The ruling reversed the Second Circuit’s judgment and remanded the case — with one important caveat: the Second Circuit still must determine whether Lau’s trademark counterfeiting conviction qualifies as a CIMT at all, which means the case is not over.
Who Dissented, and Why Does It Matter?
Justice Ketanji Brown Jackson, joined by Justices Sonia Sotomayor and Elena Kagan, dissented sharply.
Jackson warned that the majority “has now handed the Government a massive blank check.” Under the ruling, she argued, the government can reclassify a returning resident at the border and only justify that decision later — inverting the INA’s plain statutory sequence, which she read as requiring adequate evidence at the time of reentry, not retroactively assembled afterward.
The dissent also pointed to what happened to Lau himself as a preview of what the ruling enables: his physical green card was confiscated at the airport, replaced with a handwritten paper receipt that employers are instructed to treat as a short-term document. He entered immigration limbo not after a conviction, not after a trial, but the moment a CBP agent at JFK made a judgment call.
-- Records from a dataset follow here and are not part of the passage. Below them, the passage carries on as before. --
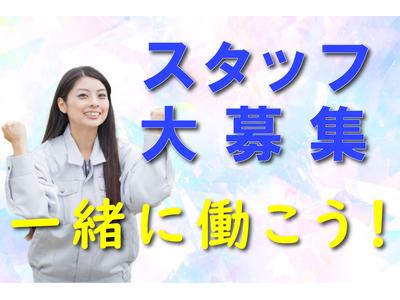 株式会社ブラステック/okh0004のアルバイト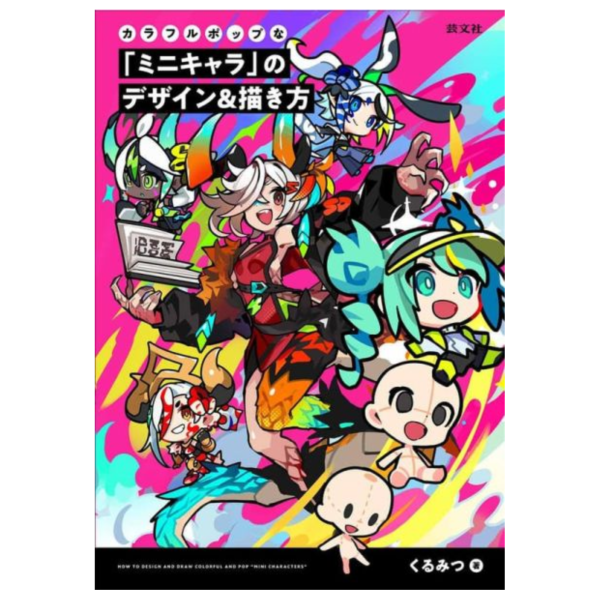 くるみつ Q版角色的設計與畫法「カラフルポップな「ミニキャラ」のデザイン&描き方」*12/4發售! くるみつ,Q版,角色,設計,畫法,カラフル,ポップ,ミニキャラ,デザイン,描き方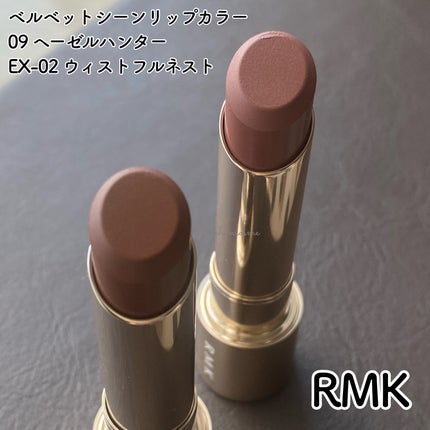 RMK ピュア コンプレクション ブラッシュ/RMK/パウダーチークを使ったクチコミ(10枚目)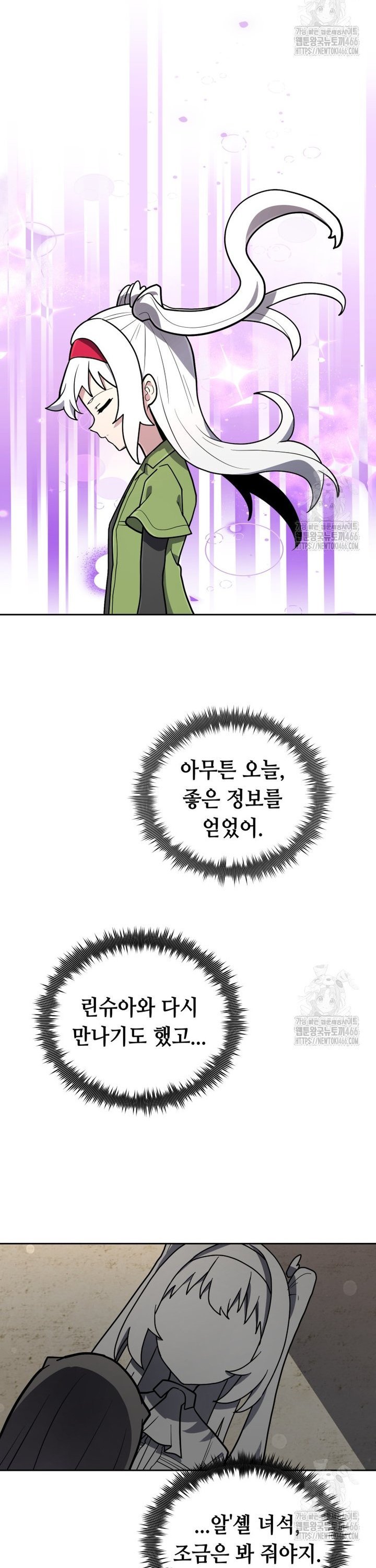 1734827232592yr9r6o4xwzs.jpg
Jackson argued the ruling undermines decades of protection that Congress explicitly built into the statute for lawful permanent residents — a class of immigrants who have already passed background checks, established roots, and in many cases lived in the United States for decades.
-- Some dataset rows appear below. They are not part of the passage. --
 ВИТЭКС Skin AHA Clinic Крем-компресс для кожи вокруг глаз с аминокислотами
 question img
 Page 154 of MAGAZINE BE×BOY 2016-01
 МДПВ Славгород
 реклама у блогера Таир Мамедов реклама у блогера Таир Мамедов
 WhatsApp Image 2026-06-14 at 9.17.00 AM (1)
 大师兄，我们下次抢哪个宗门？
What Does This Mean in Practice?
The practical consequences begin at the airport, and they begin immediately.
Under Blanche v. Lau, a CBP officer who sees a pending charge, an active indictment, or a database flag for a qualifying offense now has the authority — without any heightened evidentiary threshold — to:
- Reclassify the returning resident as “seeking admission” rather than “already admitted”
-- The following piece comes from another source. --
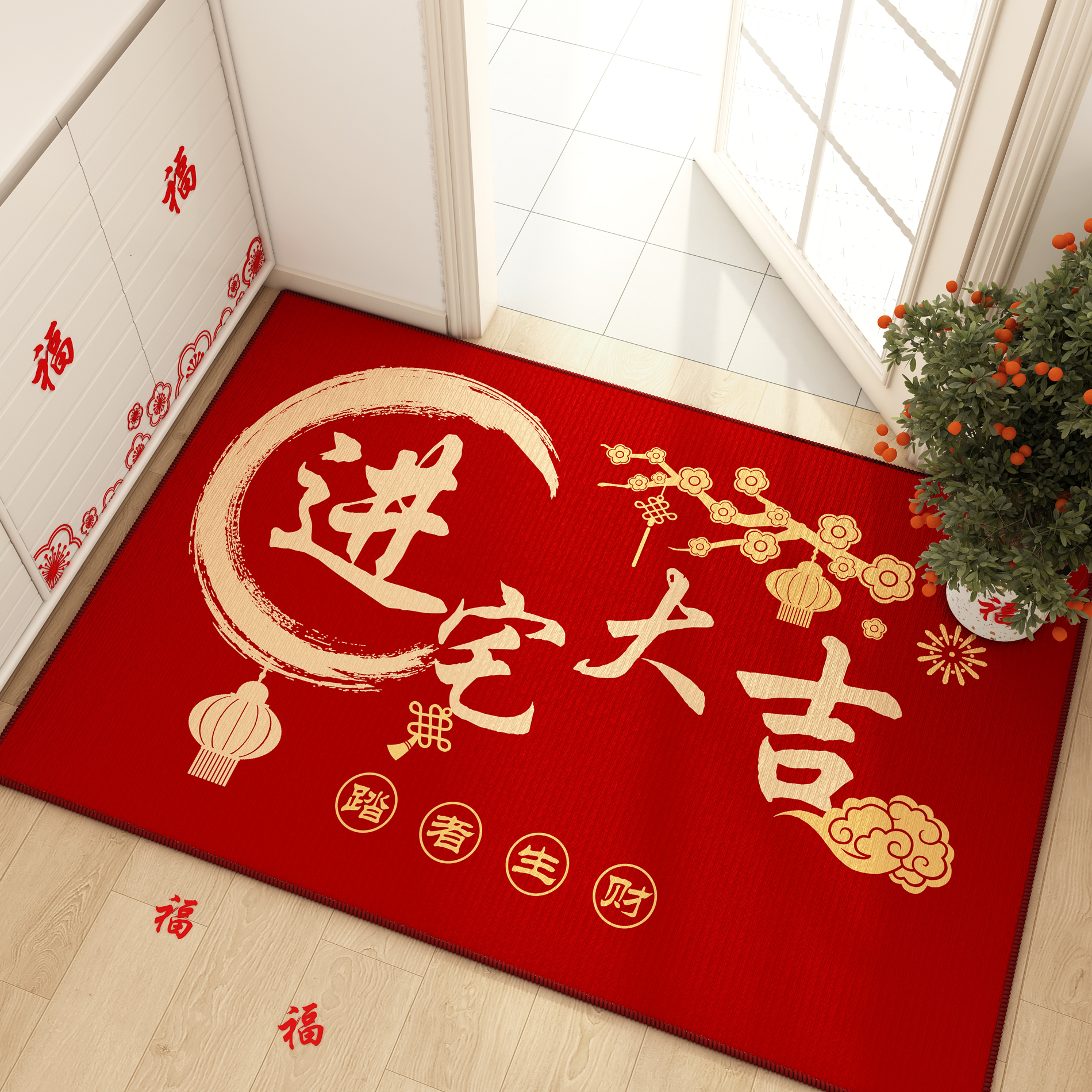 进宅大吉地垫入户门垫红色喜庆进门脚垫2024新款家用地毯门口垫子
- Confiscate the physical green card
- Issue immigration parole status in its place
- Place the individual into removal proceedings in which the burden of proof shifts to the individual to establish their right to remain
Immigration attorneys responding to the ruling have called the grant of discretion to border agents “almost unlimited.” Even charges that are later dismissed, or offenses that may not ultimately qualify as crimes involving moral turpitude, can trigger the reclassification before a court ever reviews the case.
A green card holder of twenty-four years with one open Cook County retail-theft case, confident her criminal lawyer will negotiate it down to a non-CIMT plea, can now have her card confiscated at the port of entry before that plea is ever entered. She enters the country on a paper receipt. The clock on her limbo starts before her case resolves.
That is not a hypothetical. Immigration lawyers say it is the scenario they now expect to see routinely.
What Crimes Are Covered?
The ruling applies to offenses that qualify as crimes involving moral turpitude — a broad and frequently litigated category that courts have applied to fraud, theft, forgery, perjury, certain drug offenses, and a range of violent crimes. The category is not defined by statute, which means border agents exercising this expanded authority will be making real-time judgments about what qualifies at the port of entry, without any floor of evidentiary certainty.
Drug-related offenses under federal or state law are also listed as a separate exception under the INA.
Minor traffic violations are generally not covered — but any charge involving dishonesty, property, controlled substances, or violence requires legal review before international travel.
Is Deportation Now Automatic?
No. The ruling is narrower than some coverage suggests.
Blanche v. Lau addresses the border-stage classification decision only. It does not authorize CBP to cancel a green card at the airport, or to order deportation without due process. Immigration judges in removal proceedings still hold final authority over whether a resident is actually removed from the United States. The government must still prove its case — by clear and convincing evidence — at the removal hearing stage.
What the ruling changes is the threshold for action before that hearing. The government no longer needs to arrive at the border with its evidence already assembled. It can reclassify first, collect proof later.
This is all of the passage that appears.